## Running on multiple GPUs using Hugging Face Transformers

Naive pipeline parallelism is supported out of the box. For this, simply load the model with device="auto" which will automatically place the different layers on the available GPUs.

Your task:

1. Create a pod with two 24GB GPUs.

2. Try to run the model with device="auto" and see how much VRAM is used. You can also try to run the model with device_map="auto" which will automatically place the different layers on the available GPUs.

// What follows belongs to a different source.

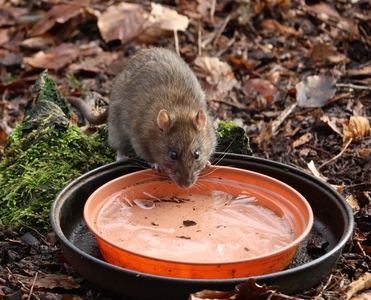 A Thirsty Rat-Nature - Jay Patilaries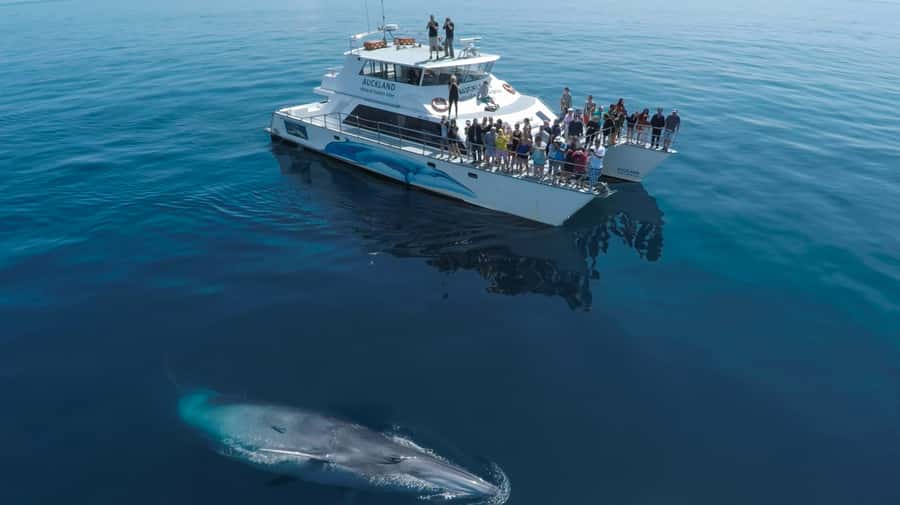 Auckland: Whale and Dolphin Watching Half-Day Eco Cruise - Hauraki Gulf Marine Park, But Make It Easy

This is a more advanced version of pipeline parallelism that allows for more flexibility in how the model is distributed across GPUs.


In [1]:
model_path = "/ssdshare/share/Meta-Llama-3-8B-Instruct/"
# TODO(Your Task): Load the model to multiple GPUs and check the GPU memory usage
from accelerate.utils import release_memory
from transformers import AutoModelForCausalLM
import torch


def get_gpu_memory(model):
    memory = torch.cuda.max_memory_allocated() / (1024**3)
    model = release_memory(model)
    torch.cuda.reset_peak_memory_stats()
    return memory


model = AutoModelForCausalLM.from_pretrained(
    model_path, torch_dtype=torch.bfloat16, device_map="cuda:0"
)
print(f'device_map="cuda:0": {get_gpu_memory(model)}GB')
model = AutoModelForCausalLM.from_pretrained(
    model_path, torch_dtype=torch.bfloat16, device_map="auto"
)
print(f'device="auto": {get_gpu_memory(model)}GB')
model = AutoModelForCausalLM.from_pretrained(
    model_path, torch_dtype=torch.bfloat16, device_map="auto"
)
print(f'device_map="auto": {get_gpu_memory(model)}GB')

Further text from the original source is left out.